出会い
うるさいうるさいと何度言えばいいのだろうか。両耳を塞ぎ現実から逃避する私は幼い子供のように脆く、弱い存在だ。まるで昔に戻ったみたいだ。私は何もしていない、ただ彼と関わりを持っただけなのだから……。
彼と関わる事で私の運命が崩れるなんて、予測出来る訳ないじゃないか。落ちていく家族、愛する妻に何度手を伸ばしても、先ほどまであった感触と温もりは、どこにもいない。どこに隠れているんだ、聖花。私を一人にして、何をしているんだい?ああ、そうか。悪戯が大好きな君の事だから、私を驚かす為に隠れているんだろう。
悲しみは過去の悲しみだ。もうどうでもよくなった。諦めるってこんな簡単だったんだなと思い知りながらも、彼の誘惑の花にしがみ付いて、期待をしてしまったのだった。

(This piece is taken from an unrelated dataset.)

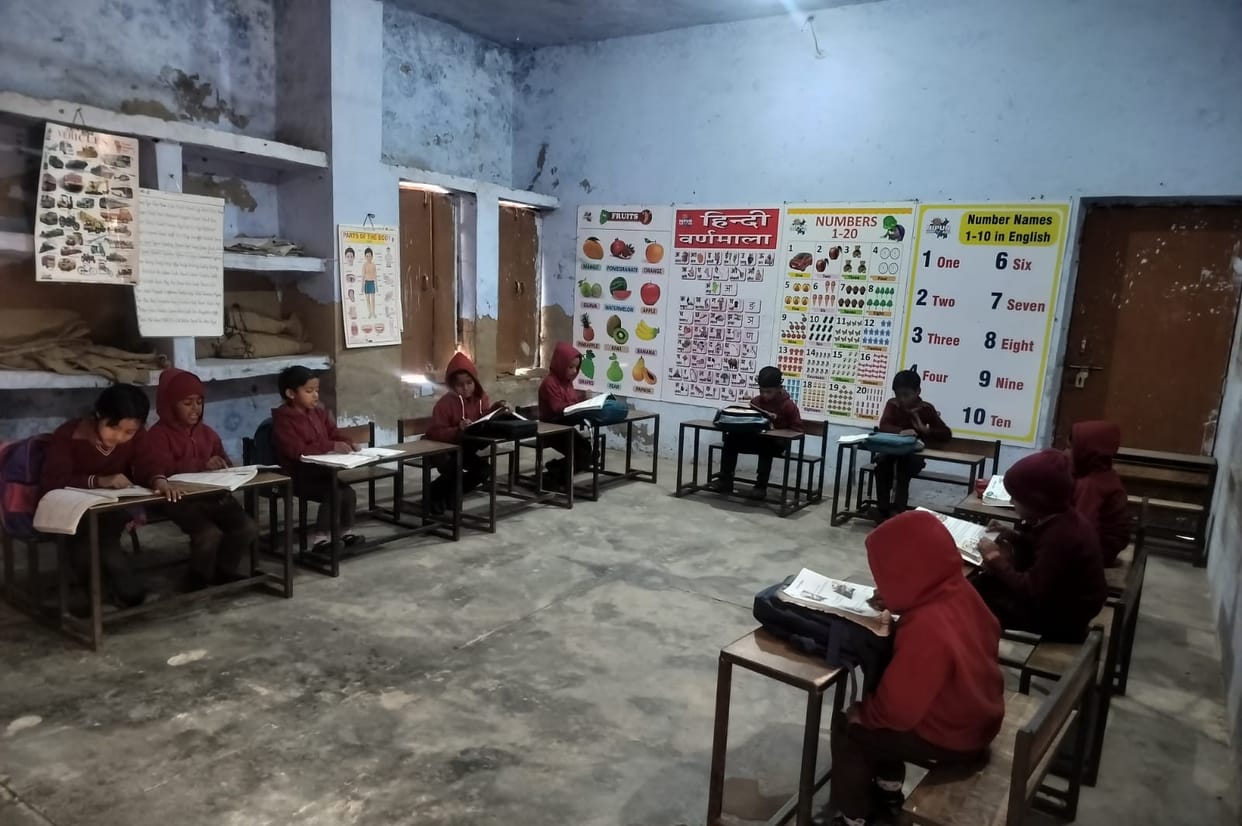 Schools reopen after winter break, attendance remains at 30-40%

私の心臓は二つの色と音で出来ている。一つは無色透明で無音、風が吹くように、水が流れるように、そうやって自然の中で漂いながら、私の一部となって存在している表の姿。そしてもう一つは、見たくもない、聞きたくもない赤黒い色と鳴き声の音。
「何も見たくないのだ、何も聴きたくない」
『……そんなに苦しいのなら、助けてやるよ』
「誰だ!」
一人の空間で泣き叫んでいた私を捕らえたのは、綺麗な青年だった。彼の隣には……誰かがいるような気がしたのだが、よく見えない。
『貴方にはまだ僕達がはっきりと見えないだろうね。現在はそのままの方がいいと思うよ?』
「お前は……」
『僕の名を知りたくば、貴方の大切なモノを取り戻す事の方が重要じゃないのかい?』
「……何が分かる」
闇に包まれているようで、光が軸に感じるような、曖昧な色の存在。彼が生きている人間かどうかも確かめる事が出来ない。もしかしたら、私が作り出した都合のいい妄想なのかもしれないのだから……。心の呟きに反応するように、彼の声が流れてくる心へ。
――妄想なんかじゃないよ?
ハッと見上げると、にっこりとした微笑みで私を観察している彼がいる。私は彼の何も知らずに、契約をしてしまったのだ。
『取り戻したいかい?聖花を』
「何故、私の妻の名を」
『さっき貴方が叫んでたじゃないか』
「……」
『取り戻したくはないかい?』
煙草の煙に塗れながら、怪しく微笑む彼が私に突きつけたものは『崩壊の序章』でしかなかったのだ。